TASK TO COMPLETE: From the line containing "8x Stoelrail Bus" through the last line below, copy every line exactly, leaving out the pictures.

[Start of section]

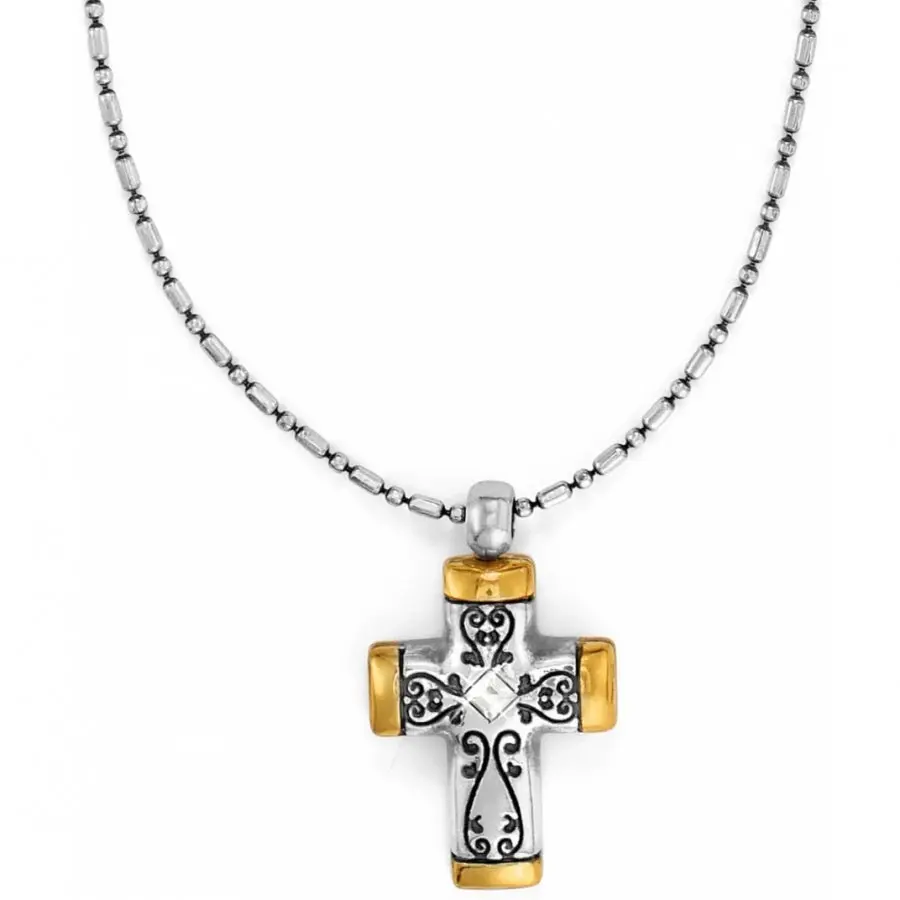Venezia Petite Cross Necklace 1
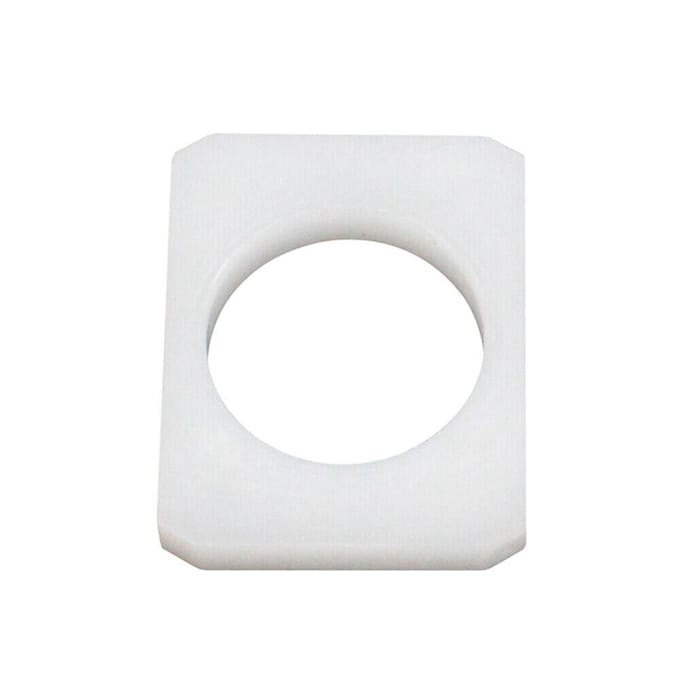8x Stoelrail Bus Spacers Voor BMW Voor BMW Z3 E36 E37 E38 Z3M Roadster & Coupé white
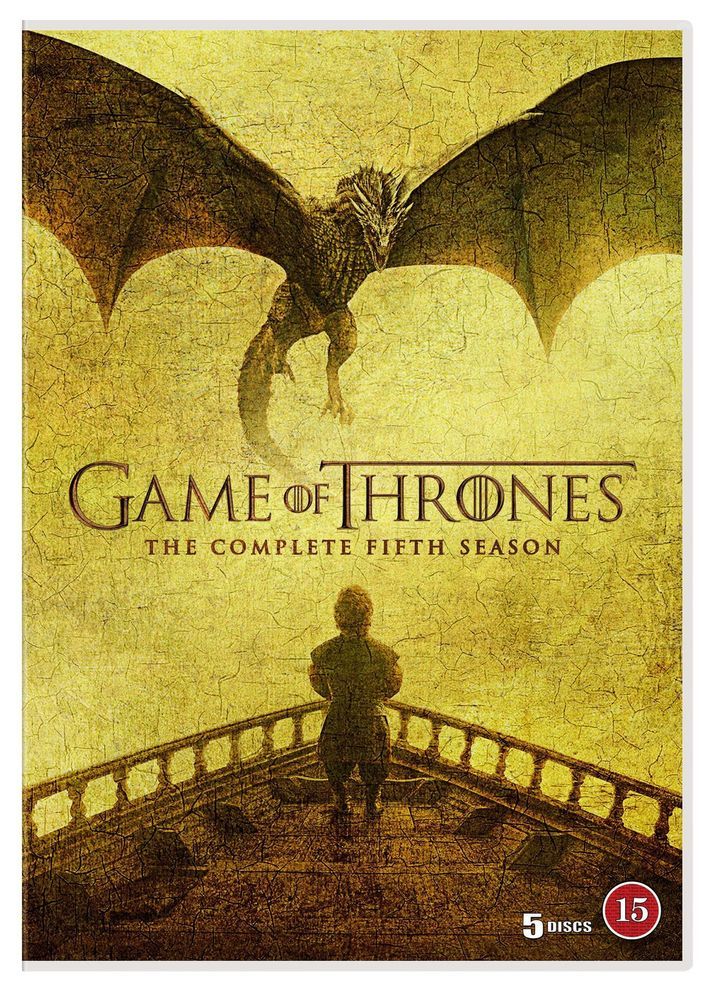 Game of thrones. The complete fifth season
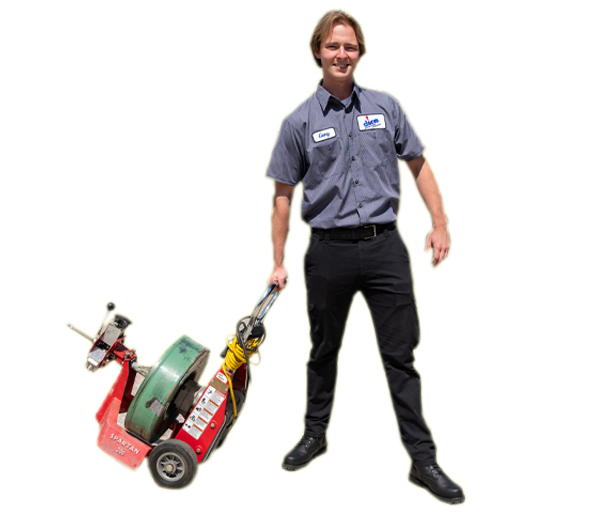 Done drain technician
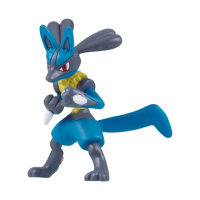 【TAKARA TOMY】POKEMON 精靈寶可夢 MS-10 路卡利歐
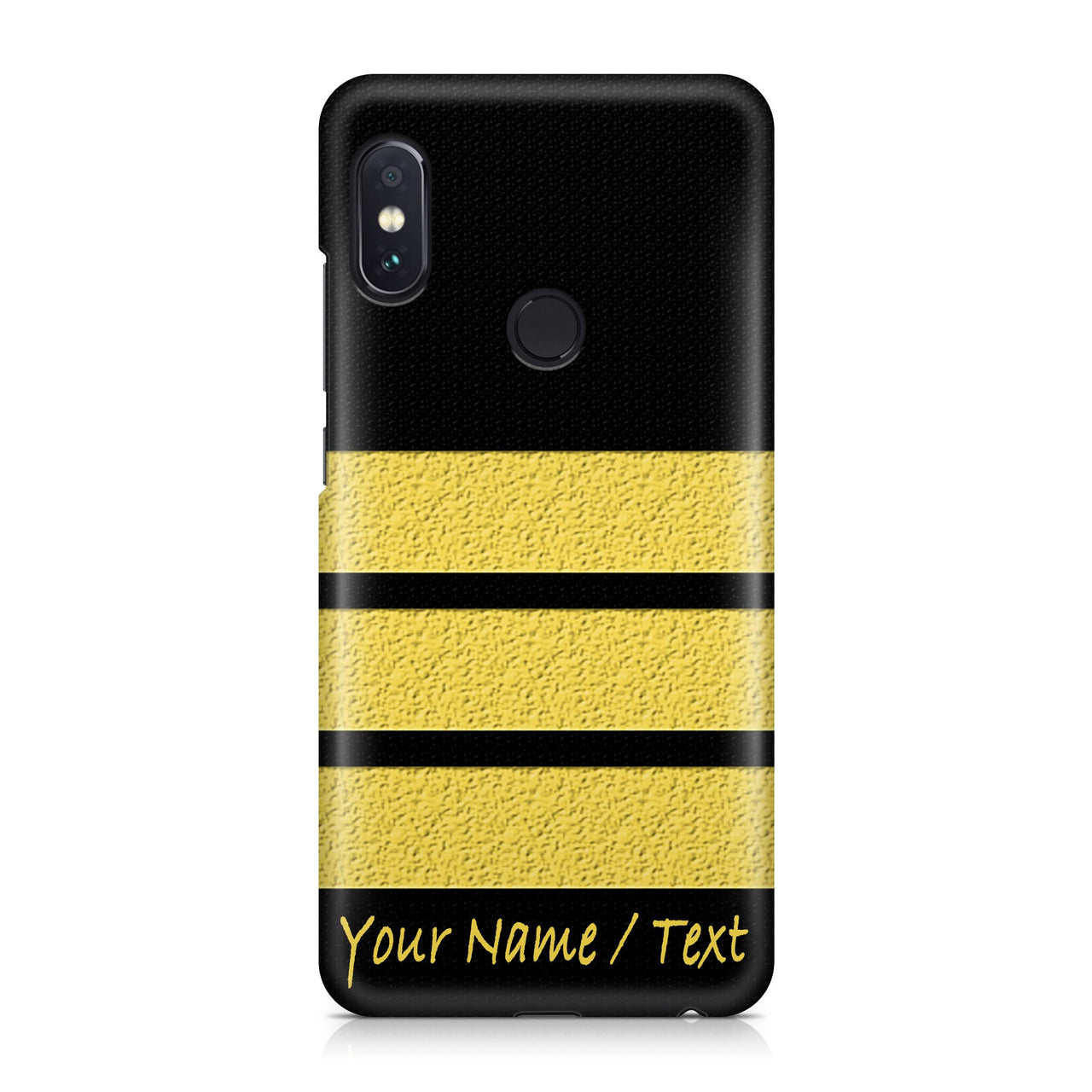 Pilot Epaulette Designed (2,3,4 Lines) Designed Xiaomi Cases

[End of section]

WRITTEN SOLUTION:
8x Stoelrail Bus Spacers Voor BMW Voor BMW Z3 E36 E37 E38 Z3M Roadster & Coupé white
 Game of thrones. The complete fifth season
 Done drain technician
 【TAKARA TOMY】POKEMON 精靈寶可夢 MS-10 路卡利歐
 Pilot Epaulette Designed (2,3,4 Lines) Designed Xiaomi Cases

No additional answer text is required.